GIVEN INFORMATION section start

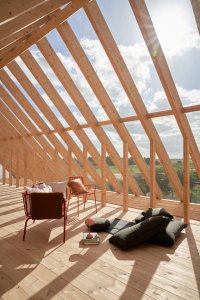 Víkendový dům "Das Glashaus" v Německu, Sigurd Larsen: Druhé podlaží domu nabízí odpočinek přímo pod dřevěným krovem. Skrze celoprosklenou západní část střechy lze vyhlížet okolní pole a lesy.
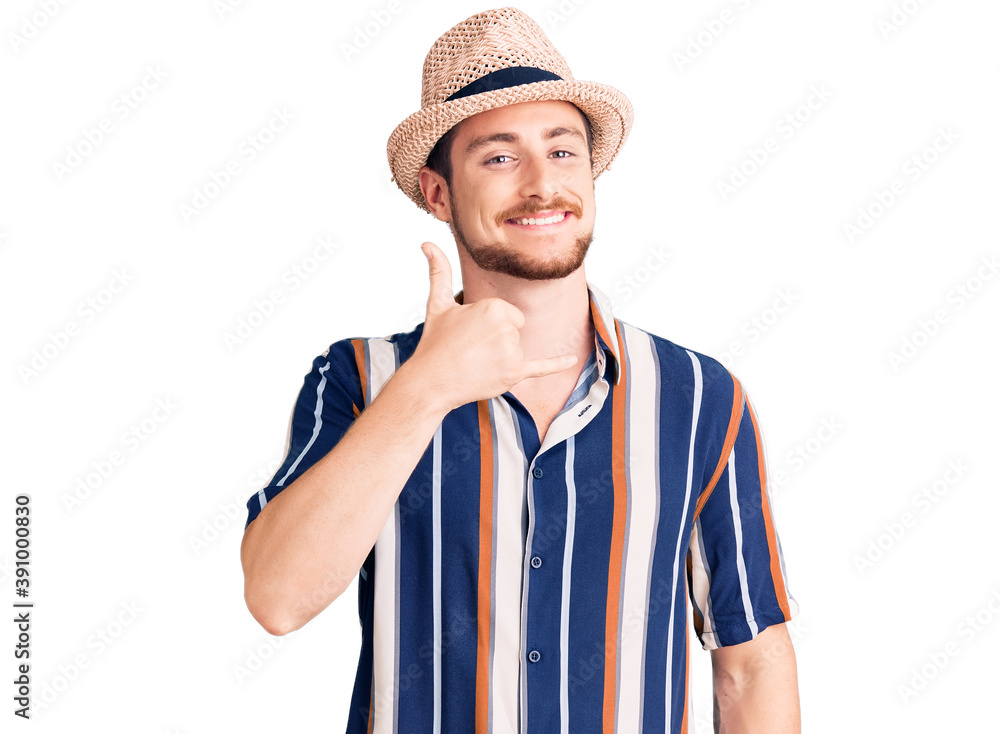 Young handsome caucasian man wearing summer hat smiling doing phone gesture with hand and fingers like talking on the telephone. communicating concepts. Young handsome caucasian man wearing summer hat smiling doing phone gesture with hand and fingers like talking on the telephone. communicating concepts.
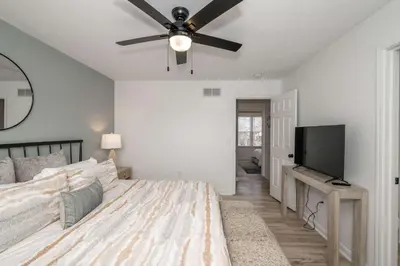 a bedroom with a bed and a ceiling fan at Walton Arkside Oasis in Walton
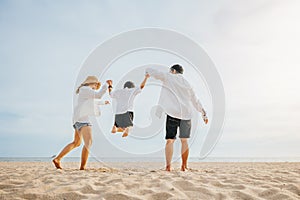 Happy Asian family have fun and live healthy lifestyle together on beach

GIVEN INFORMATION section end
GIVEN INFORMATION section start

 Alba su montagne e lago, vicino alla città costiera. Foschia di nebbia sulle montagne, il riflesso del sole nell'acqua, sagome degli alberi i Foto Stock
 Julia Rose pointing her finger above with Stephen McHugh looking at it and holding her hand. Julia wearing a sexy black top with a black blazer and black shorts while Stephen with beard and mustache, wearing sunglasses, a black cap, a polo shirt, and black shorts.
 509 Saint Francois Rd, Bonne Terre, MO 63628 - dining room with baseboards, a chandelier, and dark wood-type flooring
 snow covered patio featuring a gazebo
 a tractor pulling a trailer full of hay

GIVEN INFORMATION section end
GIVEN INFORMATION section start

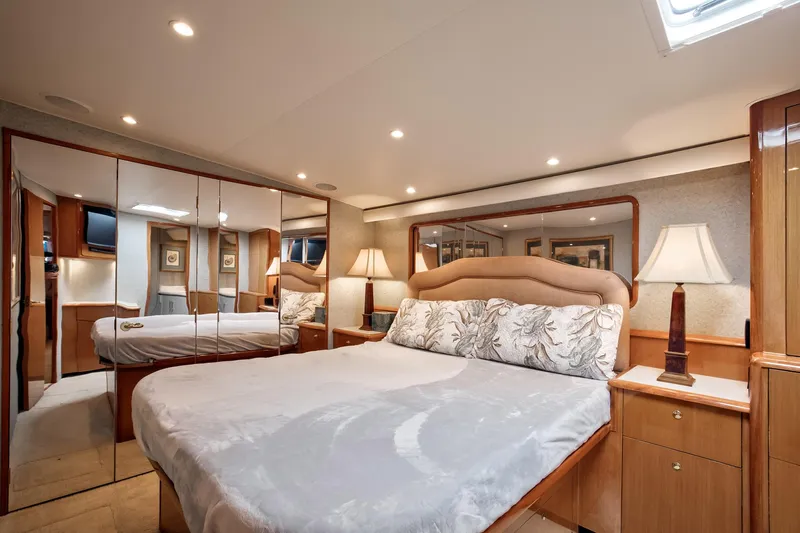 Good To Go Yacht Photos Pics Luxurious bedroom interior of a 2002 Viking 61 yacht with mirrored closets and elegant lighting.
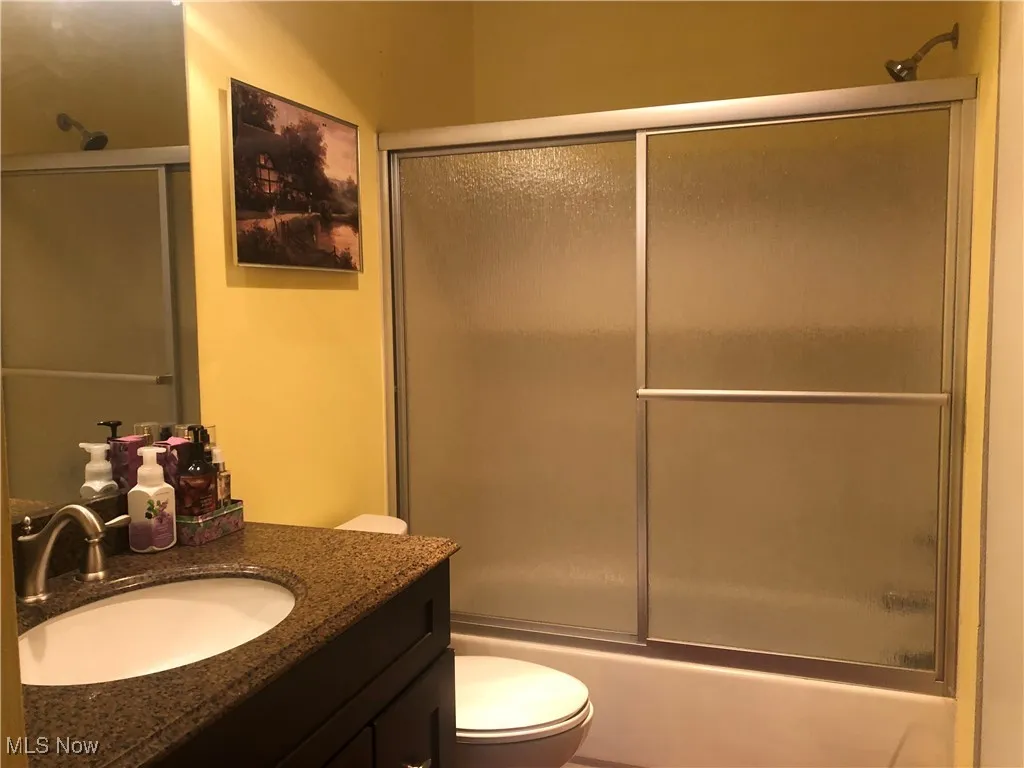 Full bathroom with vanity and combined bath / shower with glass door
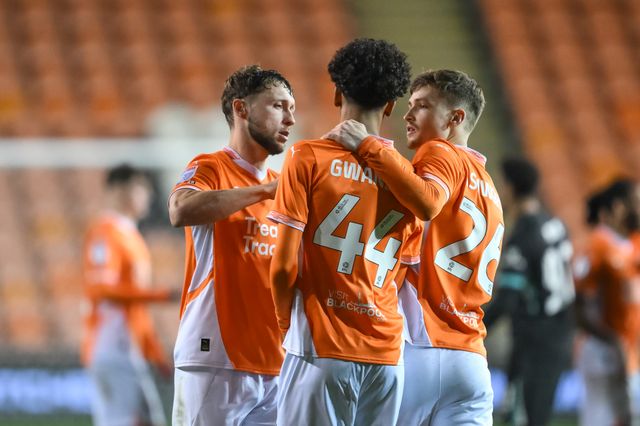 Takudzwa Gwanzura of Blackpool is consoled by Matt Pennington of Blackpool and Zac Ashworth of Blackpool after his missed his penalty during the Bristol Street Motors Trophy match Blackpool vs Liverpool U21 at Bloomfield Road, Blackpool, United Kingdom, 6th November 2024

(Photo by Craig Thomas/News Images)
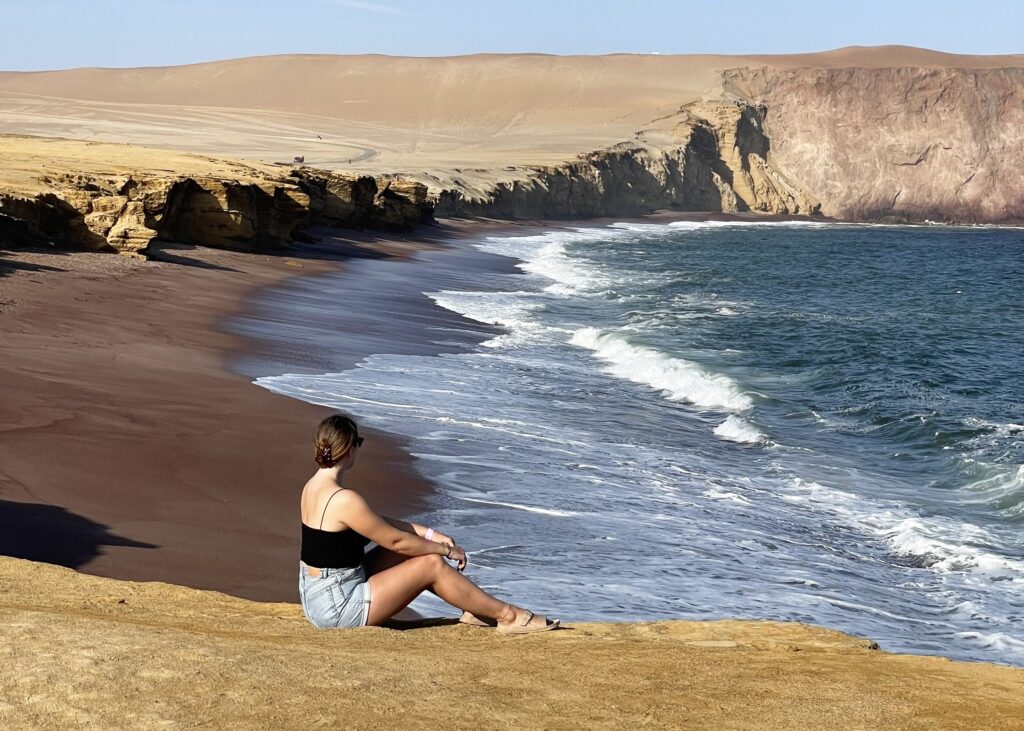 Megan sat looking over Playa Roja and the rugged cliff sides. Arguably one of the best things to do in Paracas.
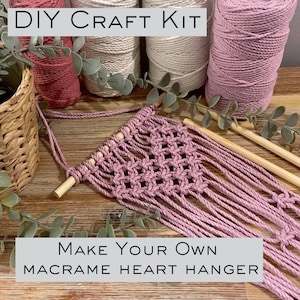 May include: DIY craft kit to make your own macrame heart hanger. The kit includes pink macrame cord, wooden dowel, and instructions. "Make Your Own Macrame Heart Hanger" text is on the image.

GIVEN INFORMATION section end

→ **WHAT TO DO**
In the entries above, find the line containing "communicating concepts. Young" and the line containing "Happy Asian family", then copy both and every line between them exactly, without any picture.

→ **REPLY TO THE TASK**
 Young handsome caucasian man wearing summer hat smiling doing phone gesture with hand and fingers like talking on the telephone. communicating concepts. Young handsome caucasian man wearing summer hat smiling doing phone gesture with hand and fingers like talking on the telephone. communicating concepts.
 a bedroom with a bed and a ceiling fan at Walton Arkside Oasis in Walton
 Happy Asian family have fun and live healthy lifestyle together on beach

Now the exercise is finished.